## WHAT YOU SHOULD DO
Find out how many lines of the listing below include "السائق" and report only that number.

## RAW DATA
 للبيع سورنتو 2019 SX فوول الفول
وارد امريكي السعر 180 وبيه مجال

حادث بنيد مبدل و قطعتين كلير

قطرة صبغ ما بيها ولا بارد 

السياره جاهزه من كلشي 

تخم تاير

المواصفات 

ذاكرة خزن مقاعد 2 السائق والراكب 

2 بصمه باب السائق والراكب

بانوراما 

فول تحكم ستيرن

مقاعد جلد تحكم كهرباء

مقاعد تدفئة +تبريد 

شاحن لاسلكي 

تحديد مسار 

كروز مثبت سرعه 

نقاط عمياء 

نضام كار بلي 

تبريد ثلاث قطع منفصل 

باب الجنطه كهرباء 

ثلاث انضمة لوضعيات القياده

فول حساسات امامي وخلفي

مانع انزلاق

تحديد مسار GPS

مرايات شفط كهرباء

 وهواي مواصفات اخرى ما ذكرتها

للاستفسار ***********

...

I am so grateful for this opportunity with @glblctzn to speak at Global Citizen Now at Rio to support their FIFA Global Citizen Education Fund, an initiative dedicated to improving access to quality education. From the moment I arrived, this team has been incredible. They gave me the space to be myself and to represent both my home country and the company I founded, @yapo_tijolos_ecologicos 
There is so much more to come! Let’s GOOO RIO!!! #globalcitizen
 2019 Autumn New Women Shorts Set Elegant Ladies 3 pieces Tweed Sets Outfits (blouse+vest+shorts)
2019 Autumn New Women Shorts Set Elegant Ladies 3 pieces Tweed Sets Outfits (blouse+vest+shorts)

## ANSWER SPACE
2